# [What is expected]
From the first line to the last, retype the records exactly and skip the pictures.

Saved entries:
Content starts

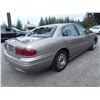 Image 3 : M3 --  2001 BUICK LESABRE LTD , Brown , 244359  KM's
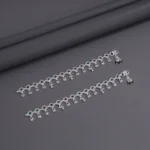 Cut Stone Payal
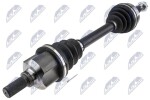 NTY Veovõll NPW-CT-154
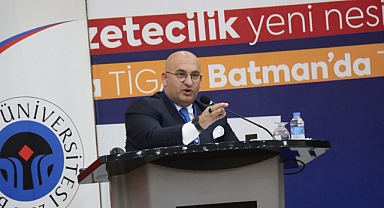 Türkiye İnternet Gazeteciler Derneği Genel Başkanı Okan Geçgel’den Çok Sert Açıklama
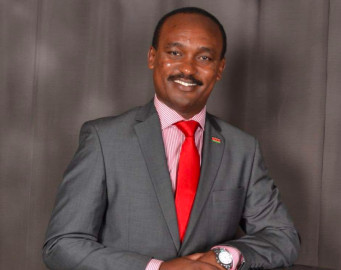 Where is Mwenda Mbijiwe? Brother now embarks on walk from Meru to Nairobi in search for answers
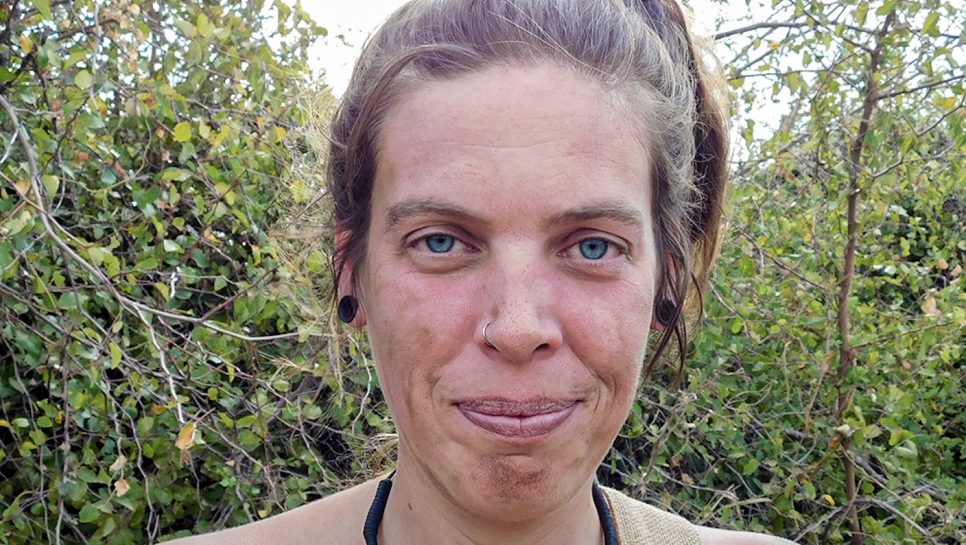 Naked and Afraid XL Spoilers: Did Kate Tap Out Tonight 
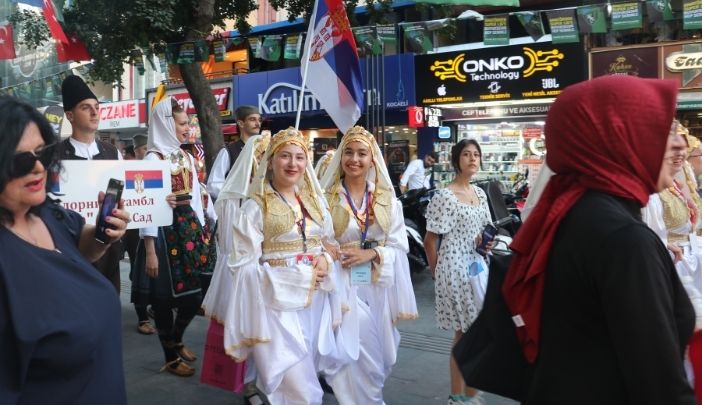 Kocaeli’de Balkan Rüzgârı Esti 8 (1)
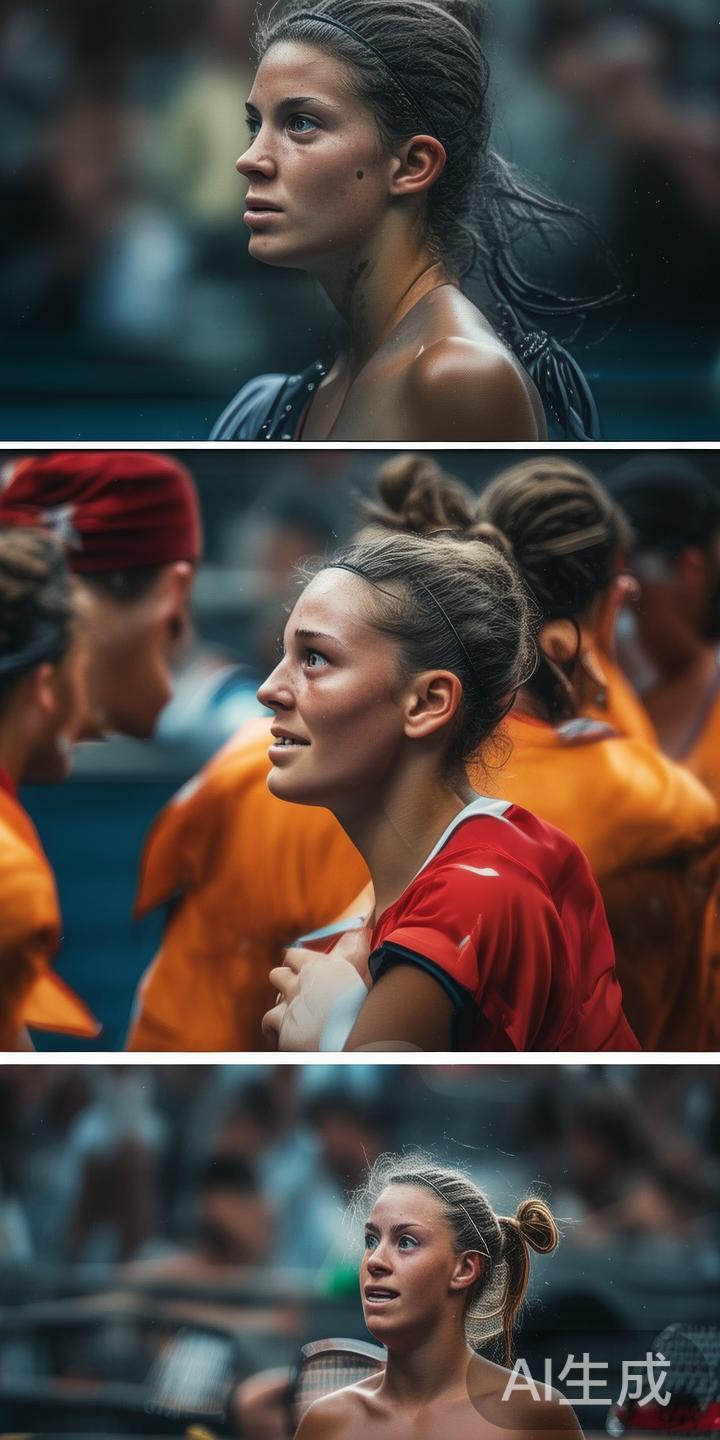 DB电竞职业选手深度访谈:成长历程与成功心得分享 以某场国际比赛为例,某位选手曾在决赛中落后两局,在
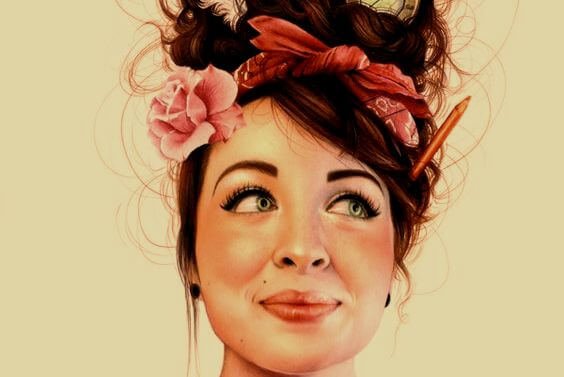 Ich habe gelernt, ohne Furcht „Ja“ und ohne Schuldgefühle „Nein“ zu sagen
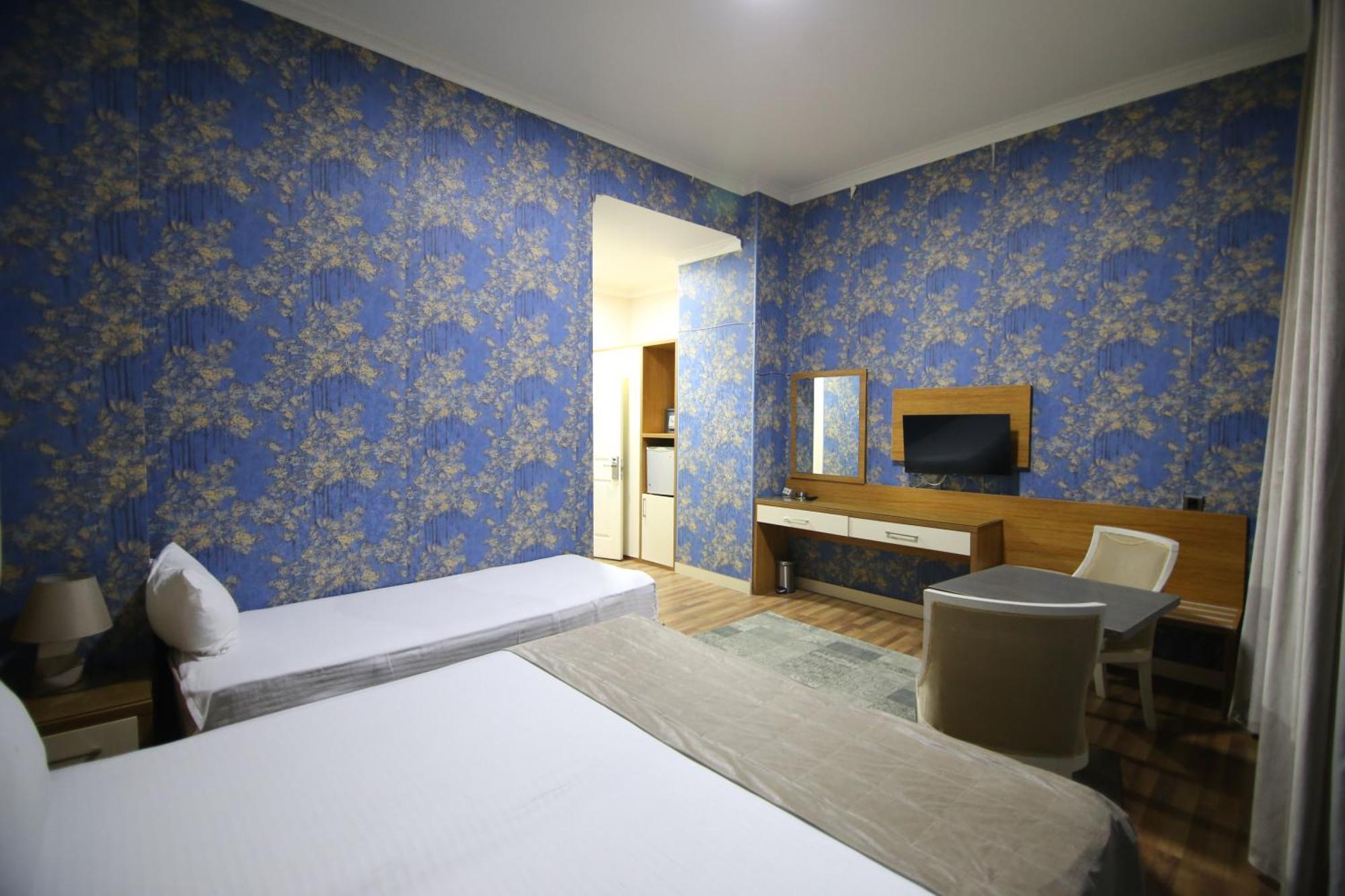 Hotel Empire Business Баку Экстерьер фото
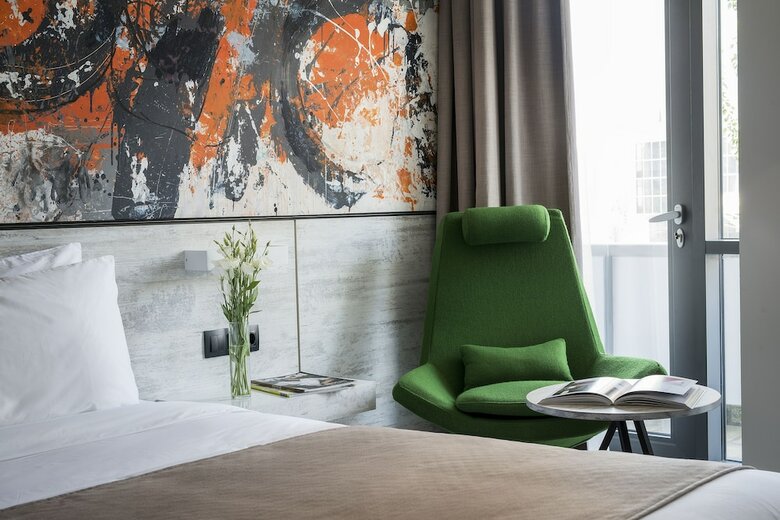 Messier 53 Hotel Yerevan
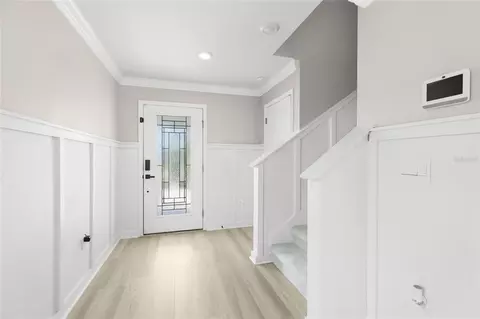 Entry Way - 12272 High Rock Way, Parrish, FL 34219 photo 1 of 3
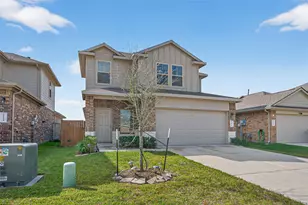 21170 Alder Oaks Dr, New Caney, TX 77357 - Photo 2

Content ends

# [Reply]
 Image 3 : M3 --  2001 BUICK LESABRE LTD , Brown , 244359  KM's
 Cut Stone Payal
 NTY Veovõll NPW-CT-154
 Türkiye İnternet Gazeteciler Derneği Genel Başkanı Okan Geçgel’den Çok Sert Açıklama
 Where is Mwenda Mbijiwe? Brother now embarks on walk from Meru to Nairobi in search for answers
 Naked and Afraid XL Spoilers: Did Kate Tap Out Tonight 
 Kocaeli’de Balkan Rüzgârı Esti 8 (1)
 DB电竞职业选手深度访谈:成长历程与成功心得分享 以某场国际比赛为例,某位选手曾在决赛中落后两局,在
 Ich habe gelernt, ohne Furcht „Ja“ und ohne Schuldgefühle „Nein“ zu sagen
 Hotel Empire Business Баку Экстерьер фото
 Messier 53 Hotel Yerevan
 Entry Way - 12272 High Rock Way, Parrish, FL 34219 photo 1 of 3
 21170 Alder Oaks Dr, New Caney, TX 77357 - Photo 2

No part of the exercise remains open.